Celebrate the made-up holiday of Backwards Day with funny books that encourage children’s imagination. You can also emphasize the concept of opposites using this theme. Sing Jim Gill’s “Backwards Day,” or do the “Hokey Pokey” but use the opposite of what is sung, such as your foot instead of your hand. For a craft project, make “Shoe Hats” by cutting out shoe pictures and stapling them to headbands.
App: Don’t Let the Pigeon run This App!
Carle, Eric.
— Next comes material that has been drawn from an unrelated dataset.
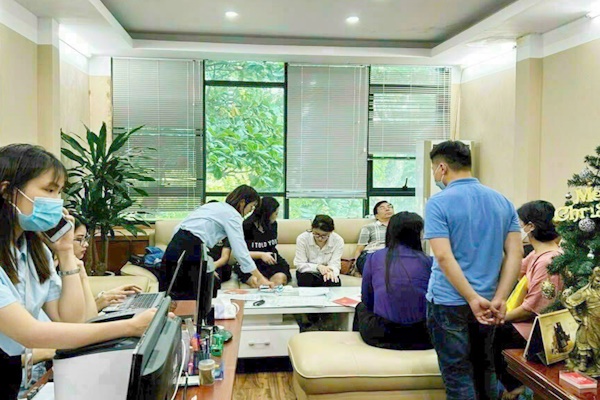 Văn phòng công chứng quận Tây Hồ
THE MIXED-UP CHAMELEON. A chameleon wishes he could be like other animals but is soon convinced his color-changing talent is a worthy quality.
Cyrus, TANGLE TOWN. The mayor can’t open his door, so he calls for help in this silly story with great wordplay.
Denim, Sue. MAKE WAY FOR DUMB BUNNIES. With clever cartoon illustrations by Dav Pilkey, the Dumb Bunnies do many things backwards or wrong.
Kraus, Ruth. THE BACKWARD DAY. In this classic picture book first published in 1950, a little boy does everything backwards.
Merola, Caroline. THE STORY STARTS HERE. A wolf insists his book start on the back page, and he continues doing things in a contrary way, such as wearing pants on his head.
Most, Bernard. THE COW THAT WENT OINK. The audience will call out the animal sounds in this story that promotes the importance of being bilingual.
Newton, Teddy. DAY & NIGHT. Two blobby creatures represent the title concepts in this book that shows opposites can cooperate.
Rosenthal, Amy K. DUCK! RABBIT! In this clever picture book, the main character could be a duck or a rabbit, depending upon how you view the pictures.
Stevens, Janet. TOPS AND BOTTOMS. Based on an Uncle Remus tale, a rabbit gets the bear to let him keep all the parts of the vegetables that are under the ground.
Wood, Audrey. SILLY SALLY. In this cumulative story, the title character walks to town backwards and upside-down.